Social media has been key in this situation allowing the criticism to be amplified, but it has also been spreading false information. Several memes have been circulating on Twitter, Facebook and Instagram saying a dozen Black teenage girls went missing in a span of 24 hours in Washington, D.C. This is not true, and according to law enforcement officials, there really hasn’t been an increase in missing girls in the D.C. area. What is different, however, is law enforcement using increased efforts, which includes social media, to get the word out about missing children.
Washington, D.C. Mayor Muriel E. Bowser has apparently heard the outcry and late last month she established a task force that will provide more resources to children who go missing. She said there will be more police officers assigned to find missing children and the task force will look into what social services teenagers who run away need to stabilize their home lives.

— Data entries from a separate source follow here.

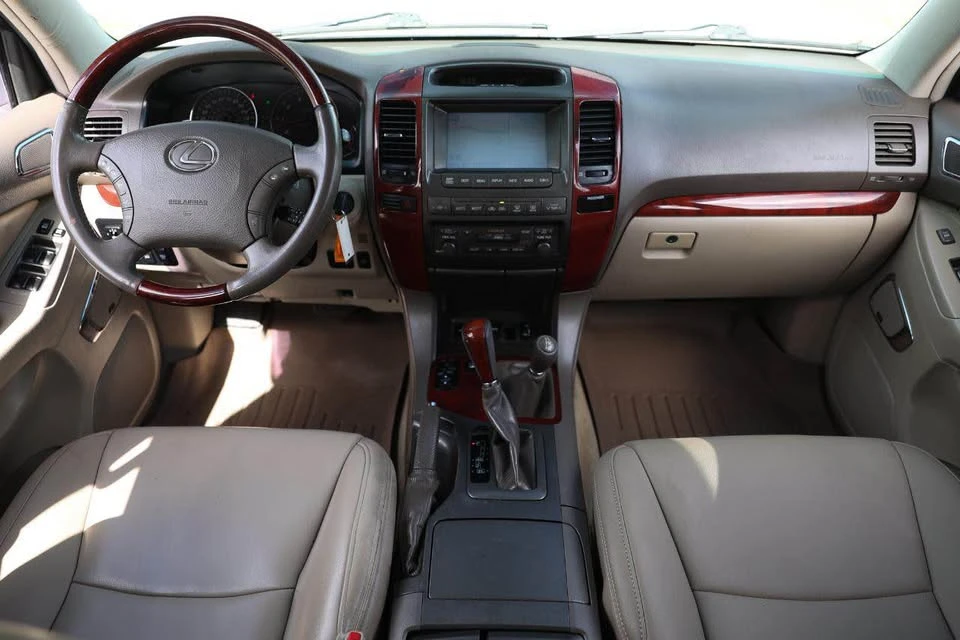 2009 Lexus GX 1st Gen - Image 8 of 12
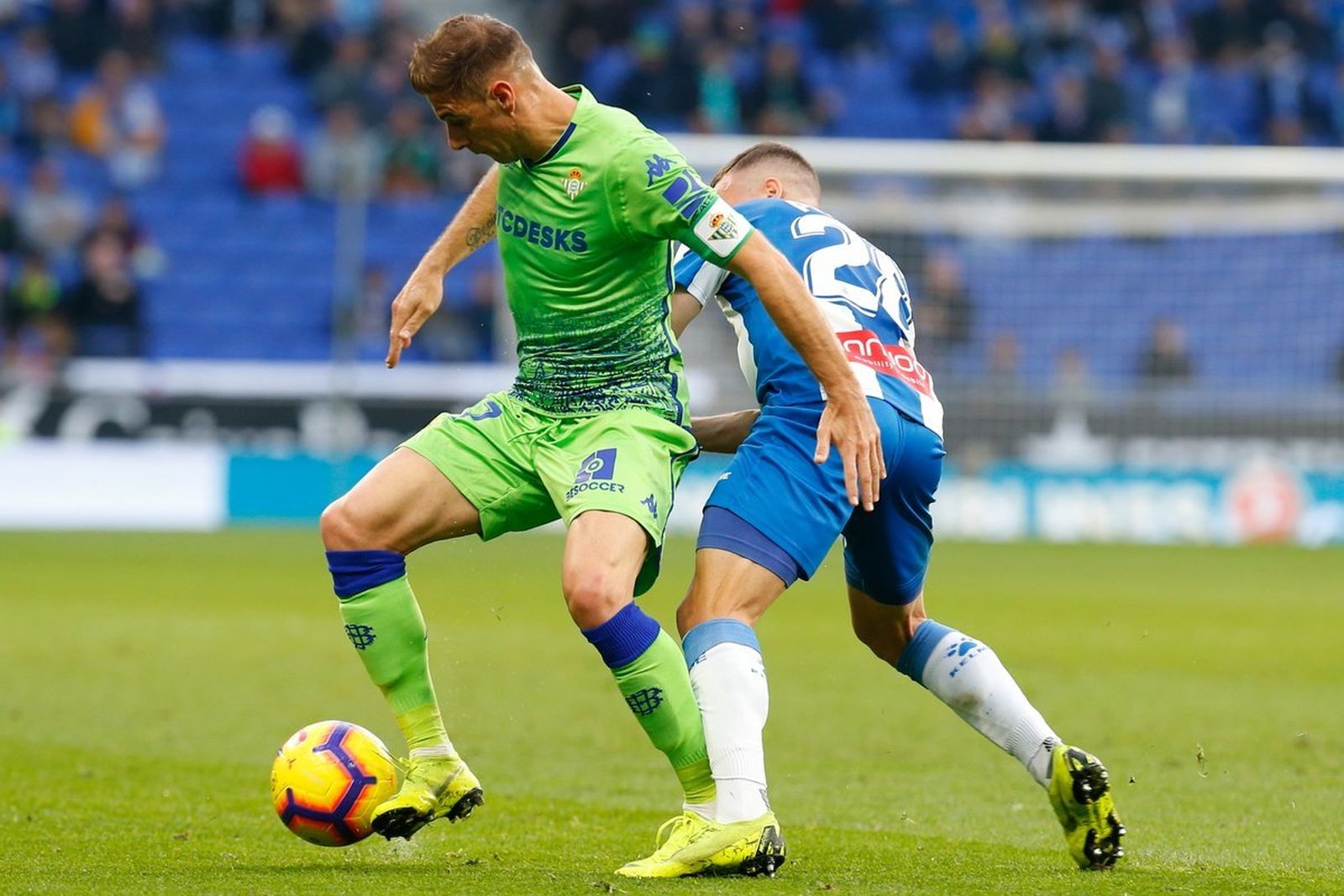 Joaquín protege el balón ante Pedrosa.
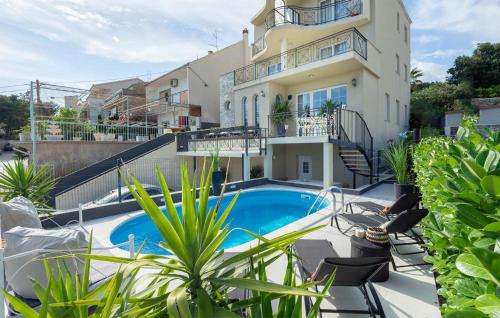 Awesome Apartment In Podstrana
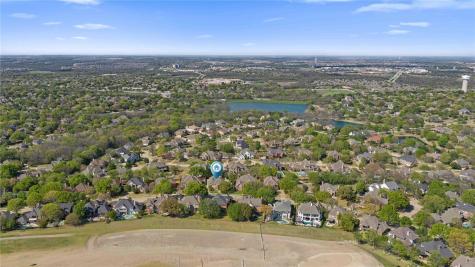 819 Hills Creek Drive Mckinney TX 75072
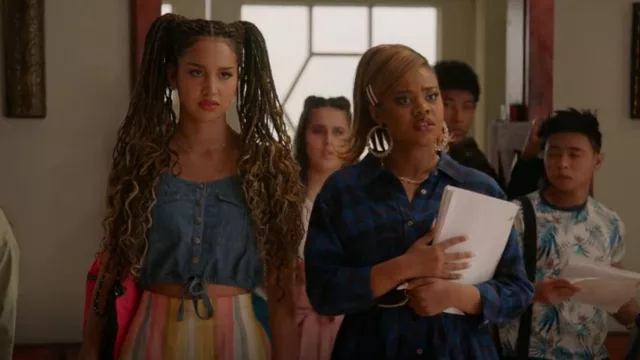 Free People Palm Desert Denim Top porté par Gina (Sofia Wylie) vu dans High School Musical: The Musical: The Series (S03E05)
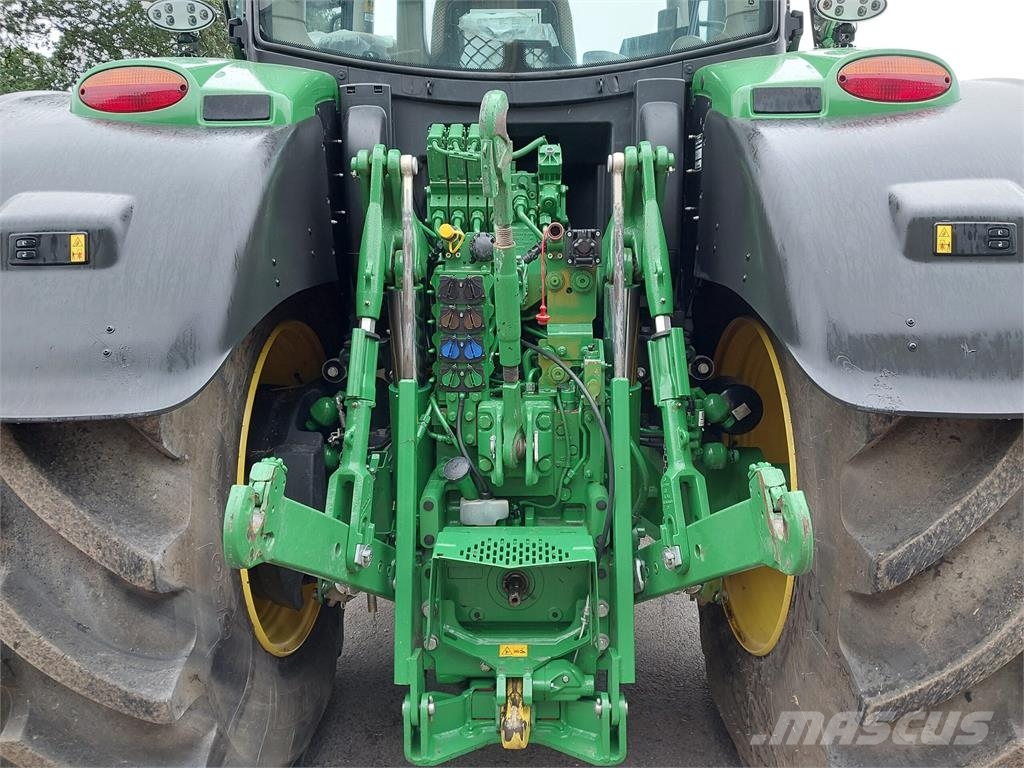 John Deere 6R 215 Traktori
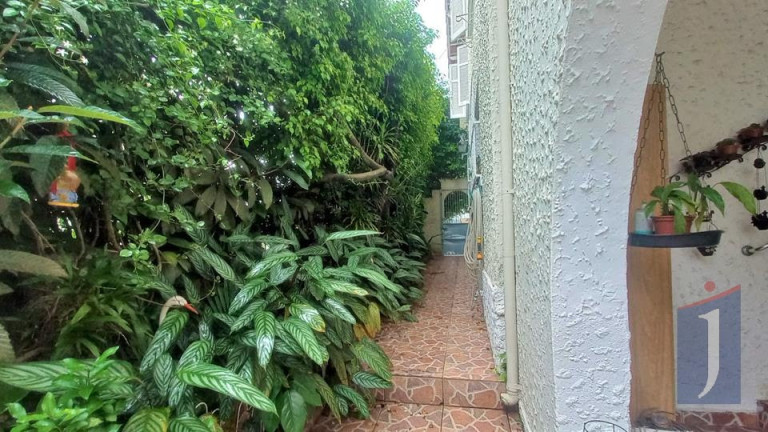Imagem Casa com 3 Quartos à Venda, 241 m² em Ipiranga - São Paulo Imagem Casa com 3 Quartos à Venda, 241 m² em Ipiranga - São Paulo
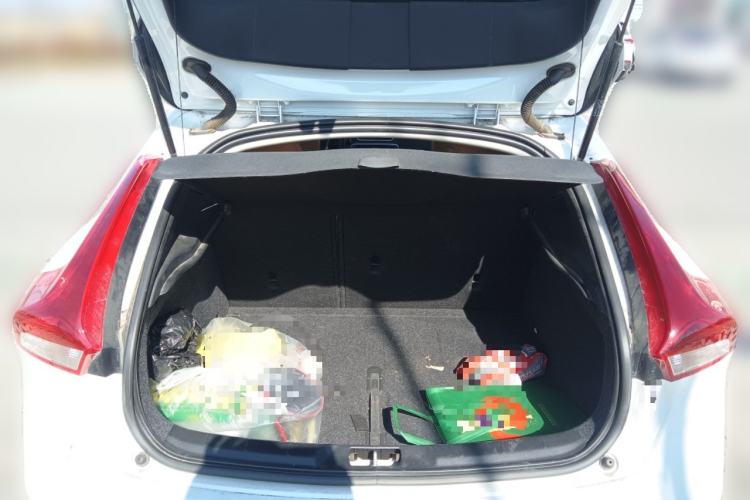 Used Volvo V40 2019 T3 Smart Luxury Edition Trunk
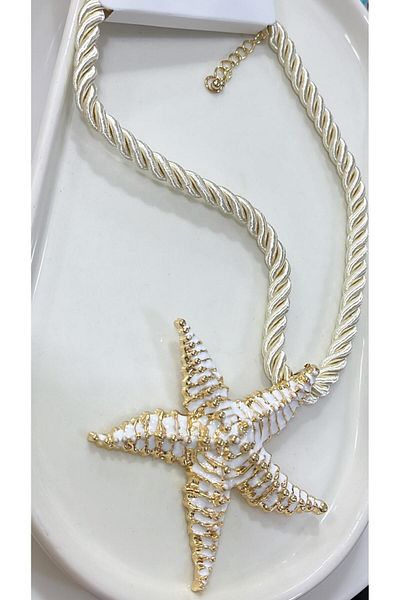Resta NECKLACE WITH SEA STAR DETAIL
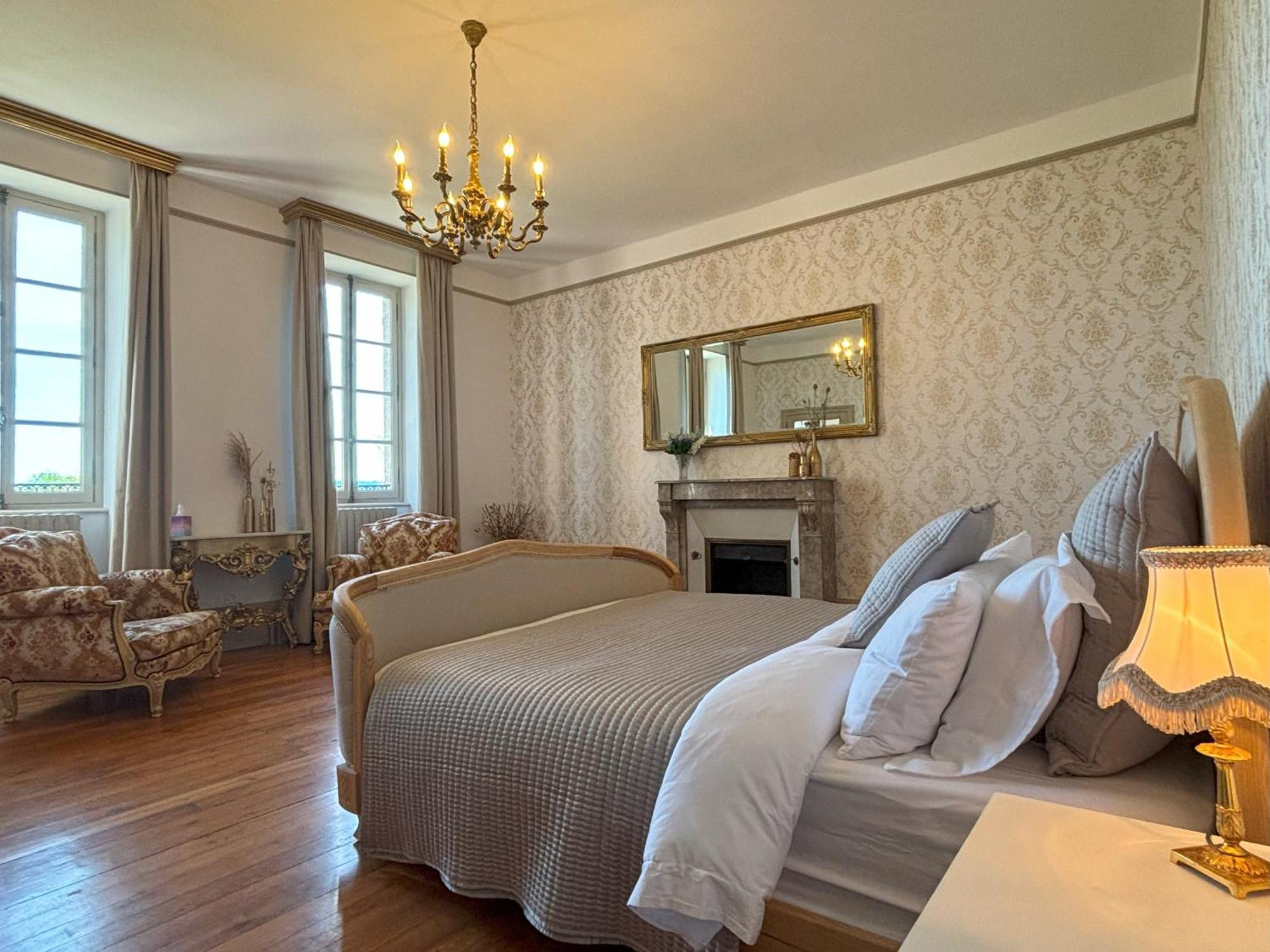 Chateau De Bruges Lapeyrouse エクステリア 写真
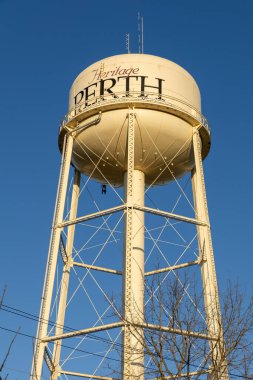 Perth, Kanada - 27 Nisan 2025 Ontario kasabasında mavi gökyüzü boyunca su kulesi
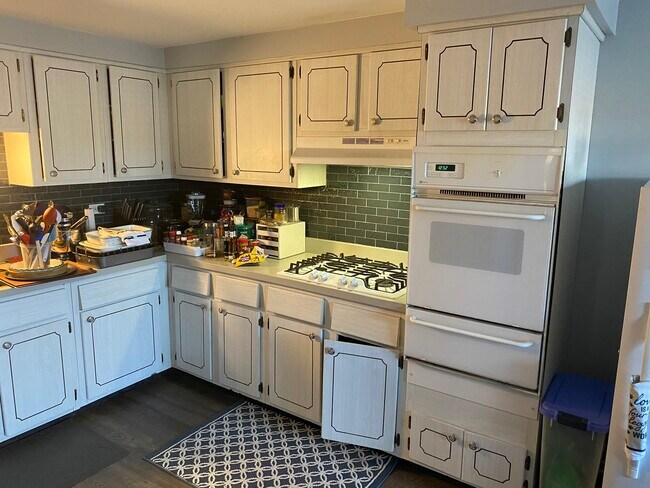 Foto del edificio - 8107 Grand Ave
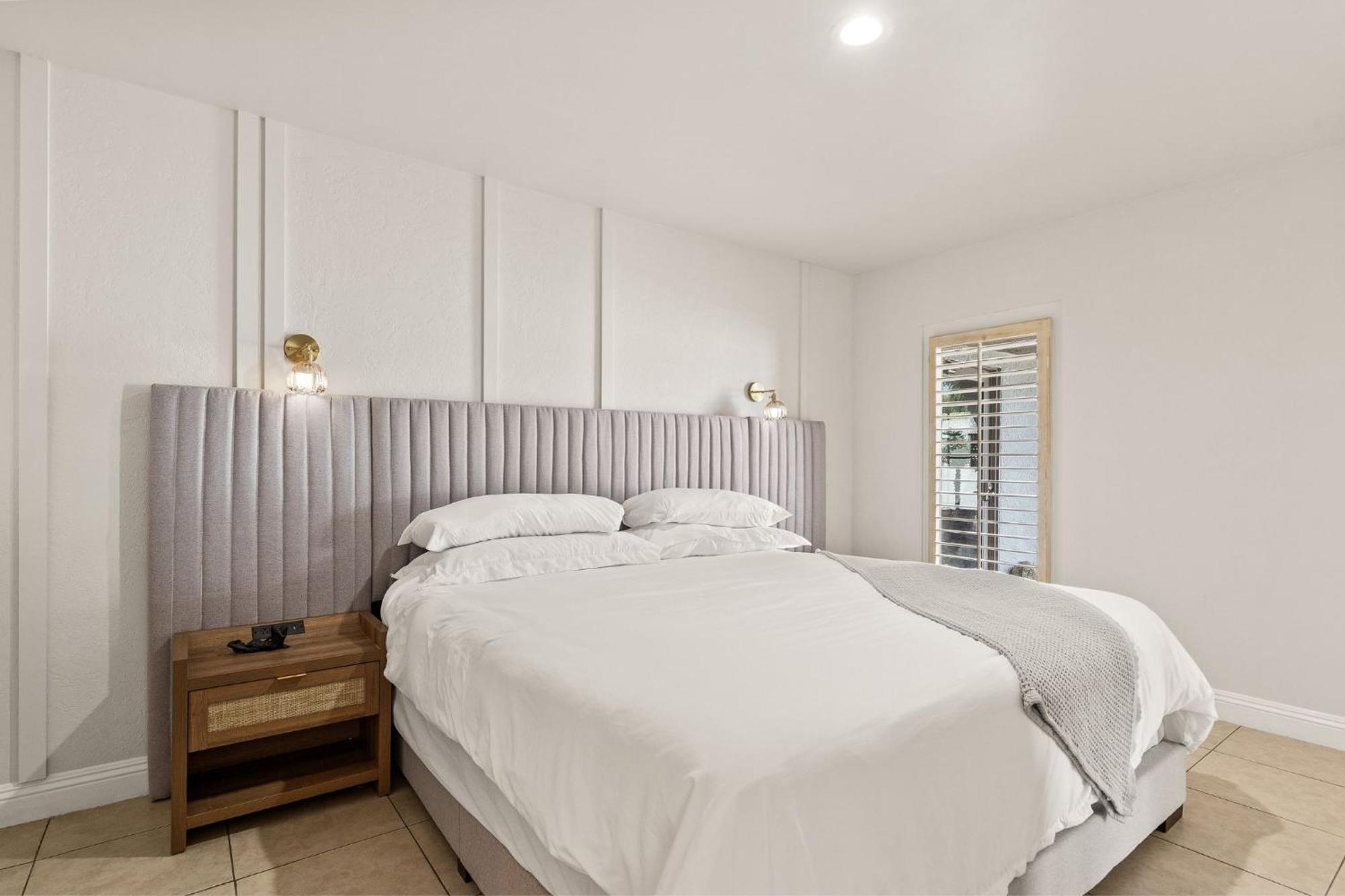Casa Oliver Hotel & Resort - A Men'S Clothing Optional Resort In Palm Springs Exteriör bild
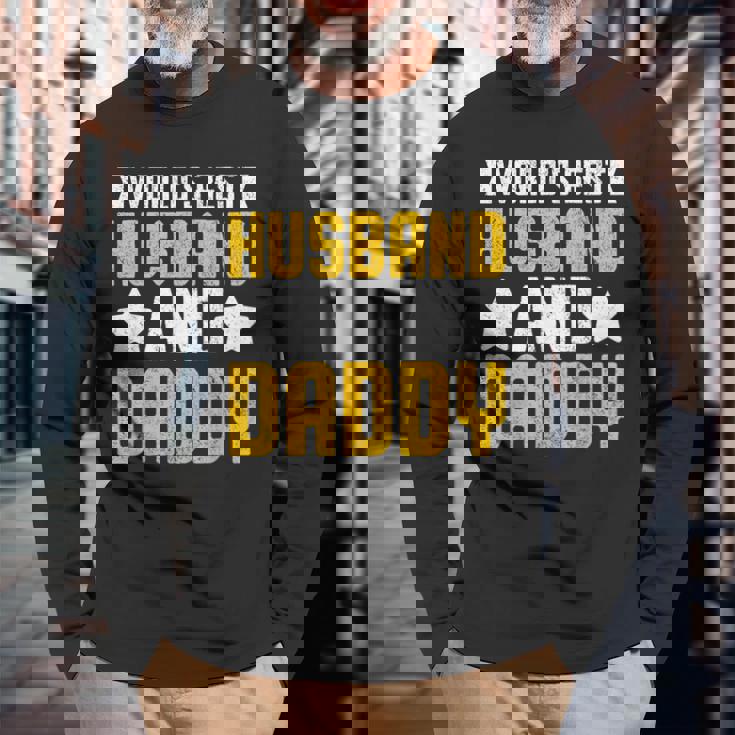 World's Best Husband And Daddy レトロ ヴィンテージ インスピレーション 長袖Tシャツ 高齢者への贈り物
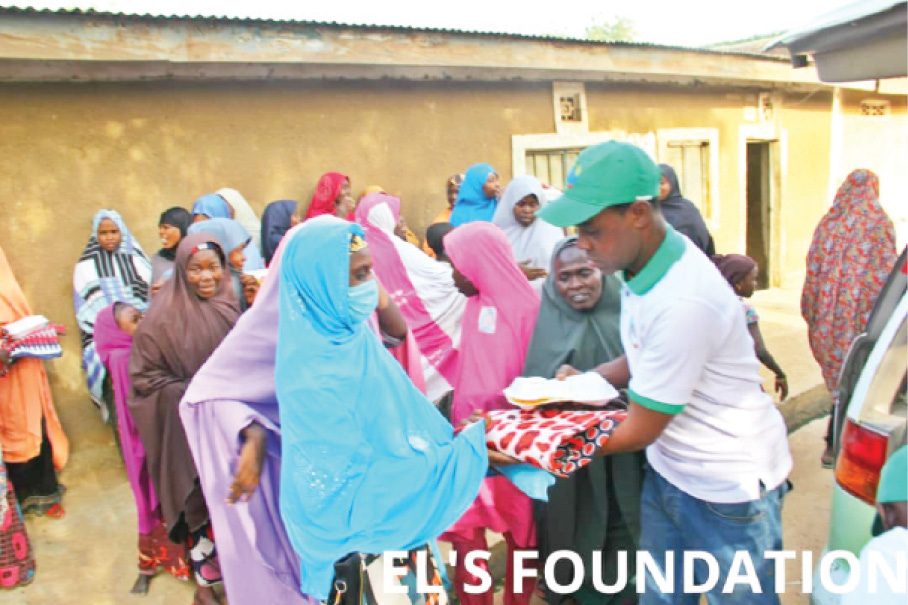 Woman donates clothes, grinding machines to Kano communities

Kevin Harris, spokesman for the mayor, said of this new initiative, “Often times, these girls are repeat runaways. So if we really want to help solve this problem and bring down the numbers, we have to break the cycle of young people, especially young girls, who repeatedly run away from home.”
According to acting police chief Peter Newsham, his department has began tweeting out the name and photo of every missing person in the city who is considered “critical,” which means anyone 15 and under, a repeat runaway and over the age of 65.
Also in Bowser’s plan is to update the city website so it can include more information about the missing child.